*** Opening of Data to process ***
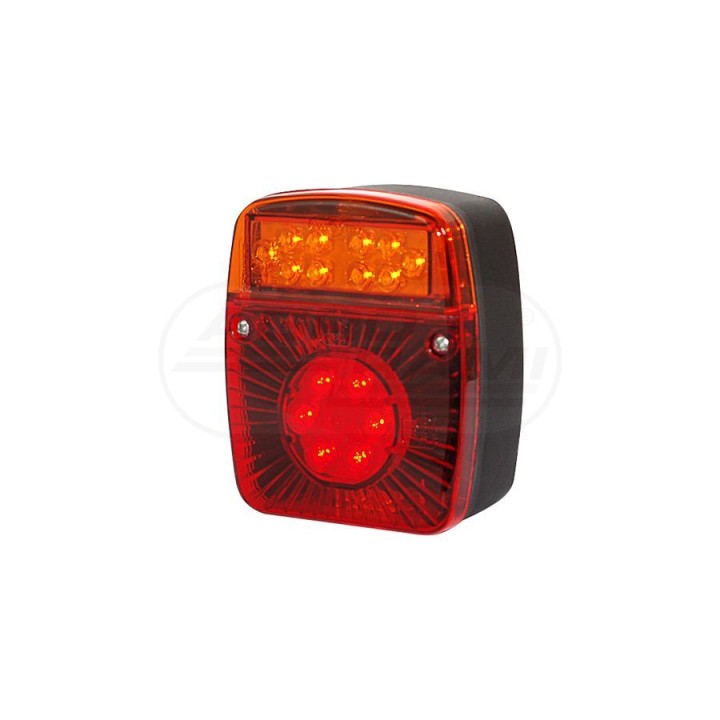 Lampa zespolona tylna, 12V-24V + przewody 200cm YLY-S 4x0,75mm2, diody 476, W18UD WAŚ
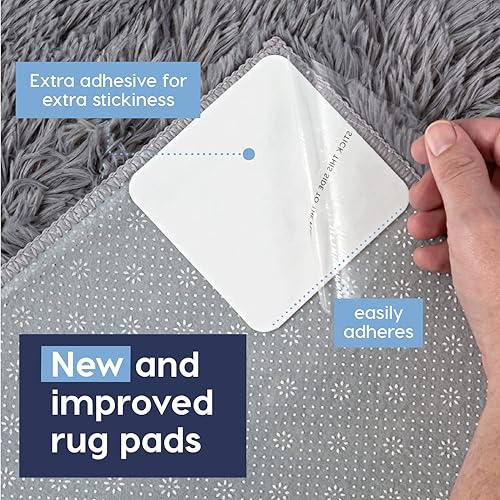 Miniatura 3 de Pebble & Crane - Almohadillas antideslizantes para alfombras - Almohadillas de esquina para alfombra, diseño sin daños, ideal para madera dura,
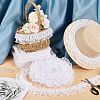Polyester Pleated Lace Ribbon OCOR-WH0091-77A-5
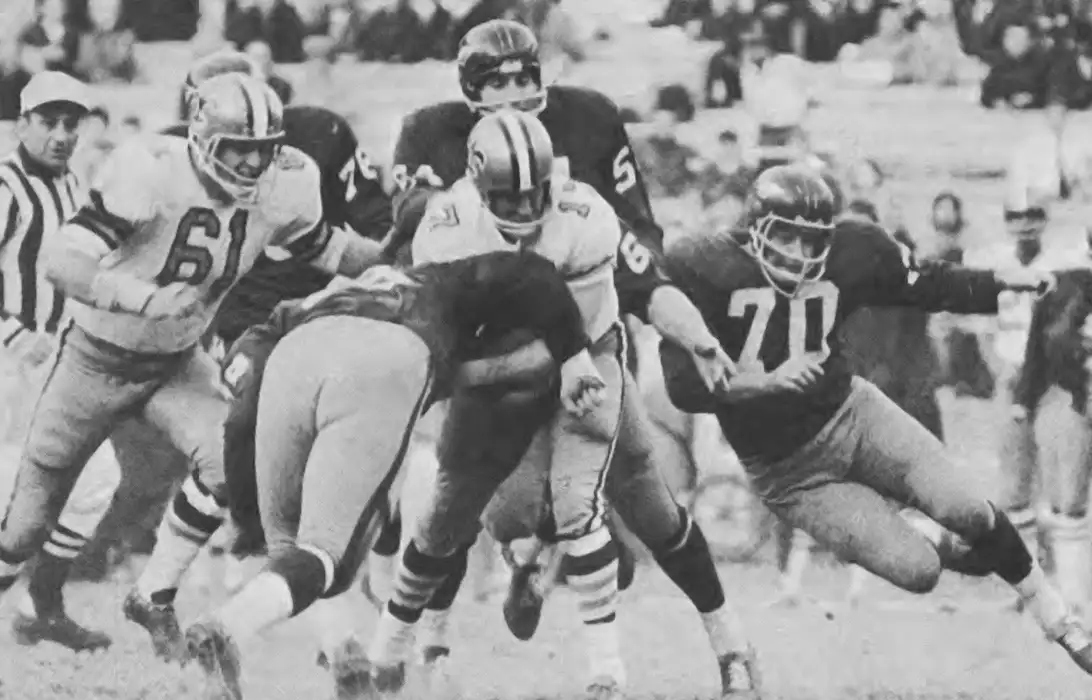 Billy Kilmer & Del Williams of the Saints, Sam Huff Redskins - 1967 NFL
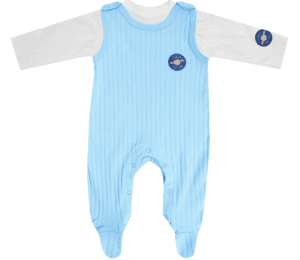 Conjunto pelele BEACH FRIENS blanco/turquesa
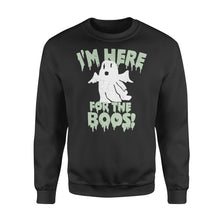 Load image into Gallery viewer, I'm here for the boos - Standard Crew Neck Sweatshirt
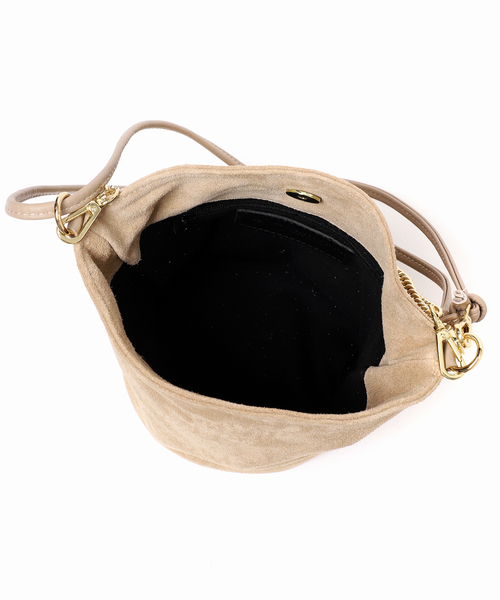 AP STUDIO AULENTTIオウレンティ チェーンスエードバッグ AULENTTI/オウレンティ】スエードチェーンBAG：ショルダーバッグ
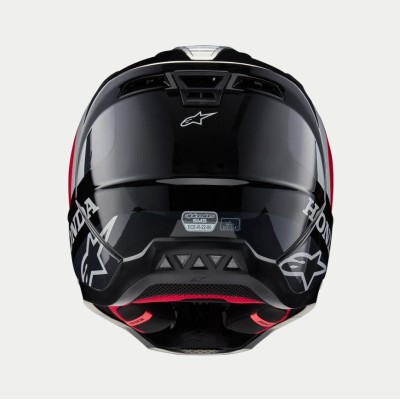 Casque Alpinestars S-M5 Honda Noir Rouge Brillant 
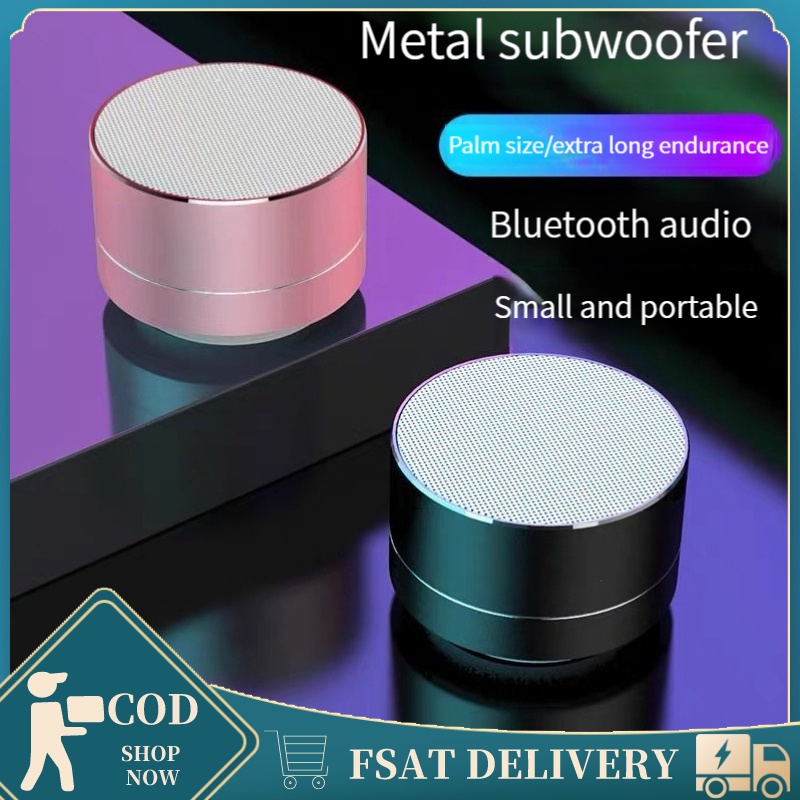 [COD] A10 Bluetooth Speaker Portable Mini Metal Wireless Phone Car ...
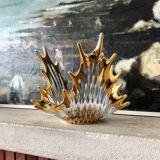 Bayel crystal bowl and gilding, 1950-60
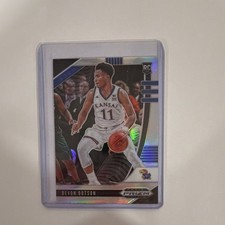 Panini 2020-21 Prizm Draft Picks Devon Dotson #72 Kansas Jayhawks Rookie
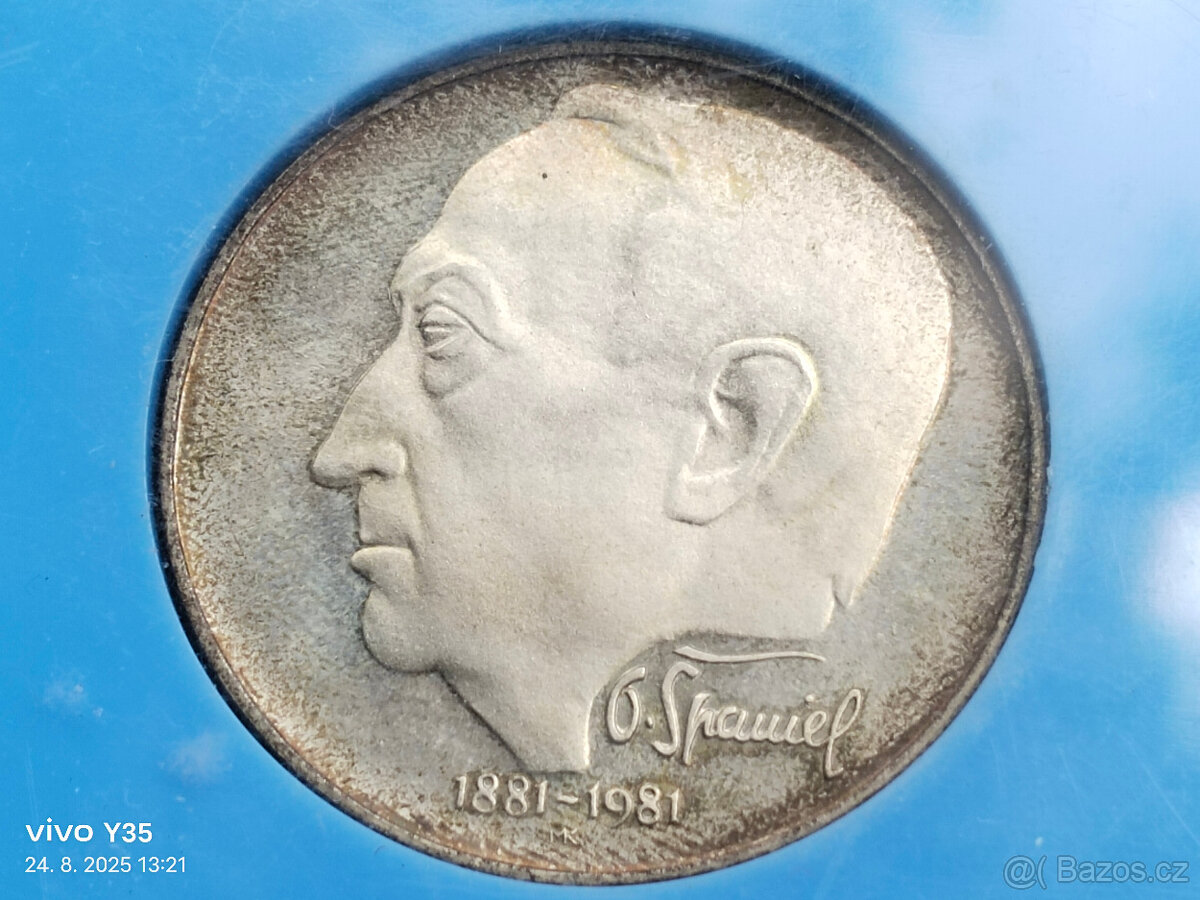 7x PROOF stříbrná pamětní mince Československo - 15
*** Close of Data to process ***
Your objective
Print all the entries exactly as they appear, without the pictures.

Answer space
 Lampa zespolona tylna, 12V-24V + przewody 200cm YLY-S 4x0,75mm2, diody 476, W18UD WAŚ
 Miniatura 3 de Pebble & Crane - Almohadillas antideslizantes para alfombras - Almohadillas de esquina para alfombra, diseño sin daños, ideal para madera dura,
Polyester Pleated Lace Ribbon OCOR-WH0091-77A-5
 Billy Kilmer & Del Williams of the Saints, Sam Huff Redskins - 1967 NFL
 Conjunto pelele BEACH FRIENS blanco/turquesa
 Load image into Gallery viewer, I'm here for the boos - Standard Crew Neck Sweatshirt
 AP STUDIO AULENTTIオウレンティ チェーンスエードバッグ AULENTTI/オウレンティ】スエードチェーンBAG：ショルダーバッグ
 Casque Alpinestars S-M5 Honda Noir Rouge Brillant 
 [COD] A10 Bluetooth Speaker Portable Mini Metal Wireless Phone Car ...
 Bayel crystal bowl and gilding, 1950-60
 Panini 2020-21 Prizm Draft Picks Devon Dotson #72 Kansas Jayhawks Rookie
 7x PROOF stříbrná pamětní mince Československo - 15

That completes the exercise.